Nostradamus przewidział problemy papieża!? Kto go zastąpi?
W wizje Nostradamusa można wierzyć lub nie, ale niektóre z nich rzeczywiście się sprawdzają. Inne zaś mają spełnić się już wkrótce. Jedna z nich tyczy się papieża Franciszka. Słowa proroka jasno wskazują, kto zostanie jego następcą. Nie wszyscy będą zachwyceni.
Nostradamus przewidział problemy króla Karola III?
Gdy brytyjskie media obiegła ponura wieść o problemach zdrowotnych króla Karola III, poddani zaczęli mocno niepokoić się o przyszłość monarchii. Znamiona nowotworu, jakie pojawiły się w organizmie arystokraty, zostały poddane szczegółowej analizie specjalistów. Pacjent w związku z tym musiał zawiesić większość swoich królewskich obowiązków.
W sieci pojawiła się teoria, że kłopoty na Wyspach już setki lat temu przewidział Nostradamus. W jego kolejnych przepowiedniach oprócz syna zmarłej Elżbiety II padło też na obecnie sprawującego władzę w Watykanie papieża. Czyżby jego dni były już policzone?
Wizja Nostradamusa o papieżu Franciszku
Jak wynika z kolportowanych w Internecie mądrości autorstwa najsłynniejszego nieżyjącego proroka świata, Argentyńczyk zasiadający w Stolicy Apostolskiej ma być "ostatnim prawdziwym papieżem".
Duchowny ma 87 lat i skarży się na kłopoty zdrowotne, więc - co nieuniknione - wierni Kościoła Katolickiego mogą spodziewać się, że w ciągu najbliższej dekady poznają nowego zwierzchnika. Kto nim zostanie? Ze słów jasnowidza wynika, że to jest już jasne. I na pewno nie wszystkim się spodoba. Dlaczego?
Według Nostradamusa to on zostanie nowym papieżem. Skandal wisi w powietrzu?
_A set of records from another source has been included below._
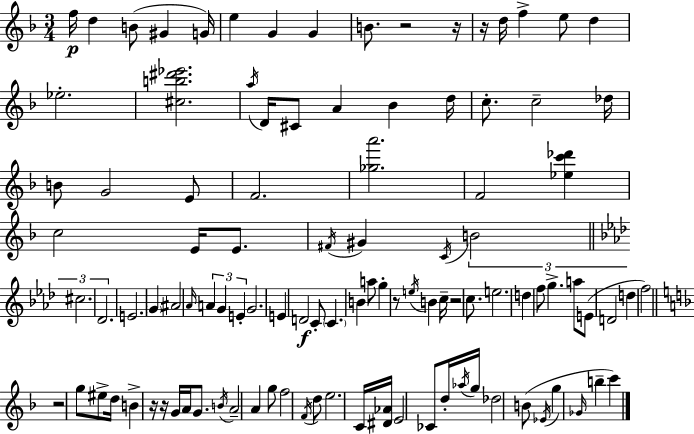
X:1
T:Untitled
M:3/4
L:1/4
K:Dm
f/4 d B/2 ^G G/4 e G G B/2 z2 z/4 z/4 d/4 f e/2 d _e2 [^cb^d'_e']2 a/4 D/4 ^C/2 A _B d/4 c/2 c2 _d/4 B/2 G2 E/2 F2 [_ga']2 F2 [_ec'_d'] c2 E/4 E/2 ^F/4 ^G C/4 B2 ^c2 _D2 E2 G ^A2 _A/4 A G E G2 E D2 C/2 C B a/2 g z/2 e/4 B c/4 z2 c/2 e2 d f/2 g a/2 E/2 D2 d f2 z2 g/2 ^e/2 d/4 B z/4 z/4 G/4 A/4 G/2 B/4 A2 A g/2 f2 F/4 d/2 e2 C/4 [^D_A]/4 E2 _C/2 d/4 _a/4 g/4 _d2 B/2 _E/4 g _G/4 b c'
Następcą papieża Franciszka zgodnie z wizją Nostradamusa zostanie postać, która obejmie tron piotrowy i od razu wywoła zakrojony na światową skalę skandal.
Przez śmierć bardzo starego papieża wybrany zostanie Rzymianin w odpowiednim wieku - miał w swych opasłych zapiskach notować profeta.
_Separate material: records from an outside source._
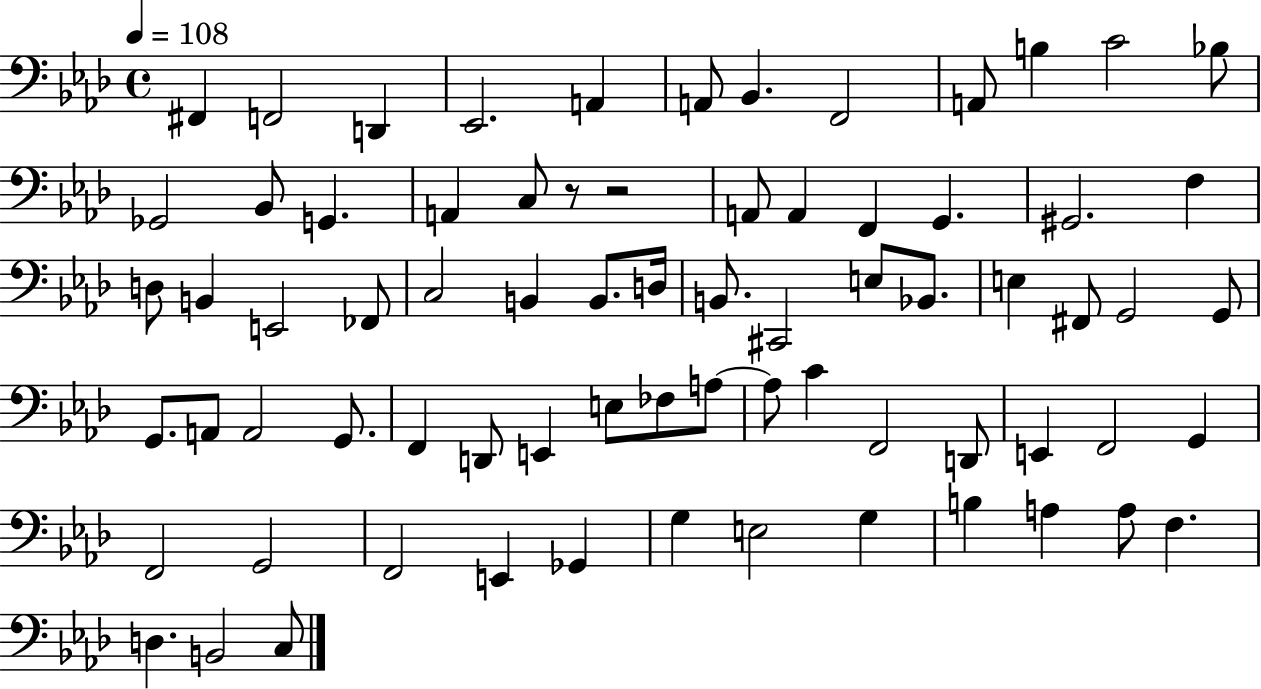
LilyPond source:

{
  \clef bass
  \time 4/4
  \defaultTimeSignature
  \key aes \major
  \tempo 4 = 108
  fis,4 f,2 d,4 | ees,2. a,4 | a,8 bes,4. f,2 | a,8 b4 c'2 bes8 | \break ges,2 bes,8 g,4. | a,4 c8 r8 r2 | a,8 a,4 f,4 g,4. | gis,2. f4 | \break d8 b,4 e,2 fes,8 | c2 b,4 b,8. d16 | b,8. cis,2 e8 bes,8. | e4 fis,8 g,2 g,8 | \break g,8. a,8 a,2 g,8. | f,4 d,8 e,4 e8 fes8 a8~~ | a8 c'4 f,2 d,8 | e,4 f,2 g,4 | \break f,2 g,2 | f,2 e,4 ges,4 | g4 e2 g4 | b4 a4 a8 f4. | \break d4. b,2 c8 | \bar "|."
}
Choć sprawowanie władzy przez młodego hierarchę samo w sobie nie jest niczym kontrowersyjnym, według Nostradamusa nie zaskarbi on sobie uznania środowisk konserwatywnych . Tajemniczy włoski przywódca będzie skutecznie “osłabiał swoją władzę”, którą będzie sprawował "przez długi czas".
Przejmujące czarnowidztwo spisane przed laty można jednak interpretować nieco łagodniej. Może bowiem chodzić o to, że nowy zwierzchnik chrześcijan będzie postępowy i nie będzie za wszelką cenę trwał przy starodawnych kościelnych zasadach. Jak sadzicie, czy taka przyszłość rzeczywiście jest prawdopodobna?